__WORK REQUEST__:
Your copy must start with the line containing "ein Schlafzimmer mit" and end with the last line of the entries, matching them exactly and leaving out every picture.

[Brief descriptive captions]
# # # # # # #
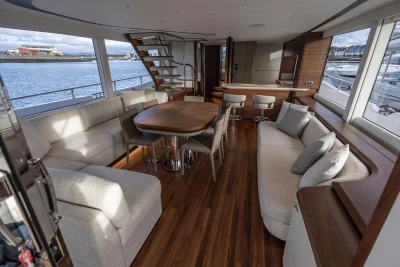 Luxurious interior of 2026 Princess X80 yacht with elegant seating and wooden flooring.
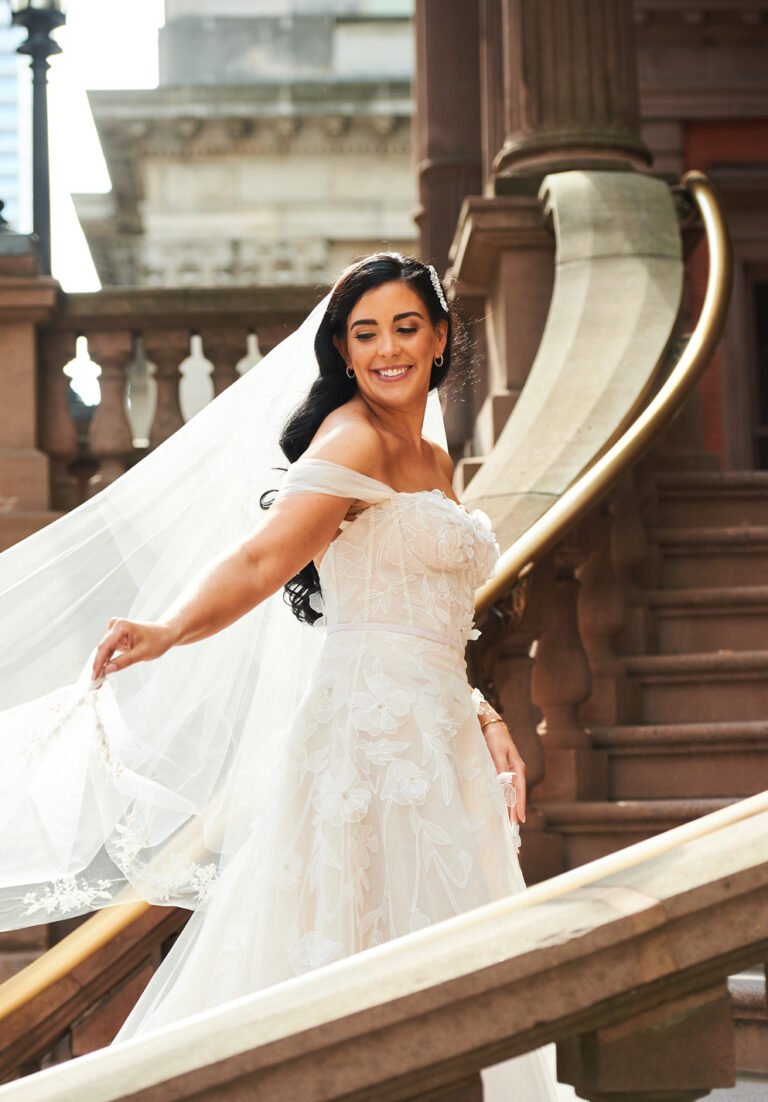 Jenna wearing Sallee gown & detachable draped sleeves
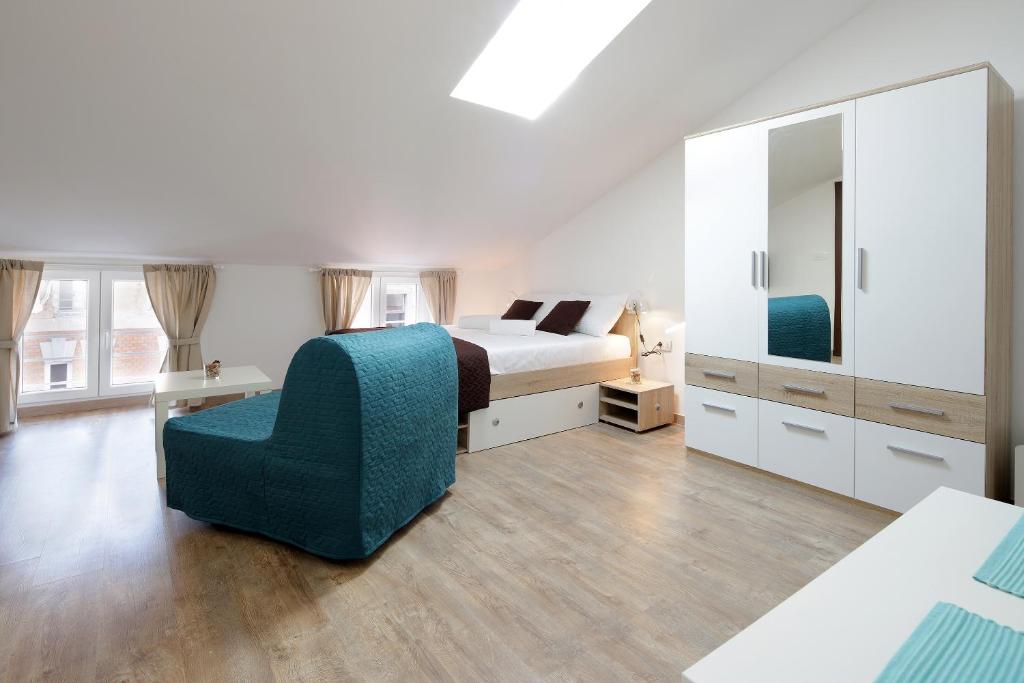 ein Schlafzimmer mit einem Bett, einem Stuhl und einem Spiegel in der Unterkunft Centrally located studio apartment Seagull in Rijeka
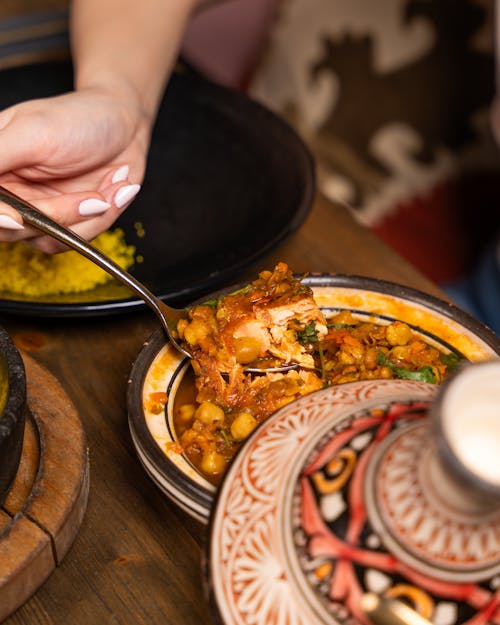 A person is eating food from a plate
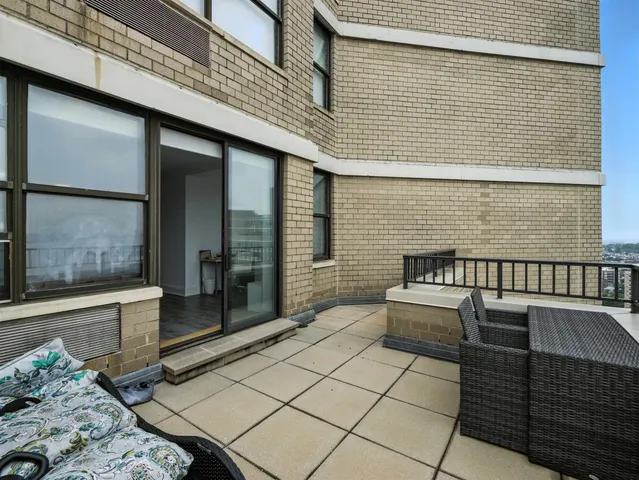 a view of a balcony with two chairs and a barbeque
# # # # # # #
__RESULT FOR THIS EXERCISE__:
 ein Schlafzimmer mit einem Bett, einem Stuhl und einem Spiegel in der Unterkunft Centrally located studio apartment Seagull in Rijeka
 A person is eating food from a plate
 a view of a balcony with two chairs and a barbeque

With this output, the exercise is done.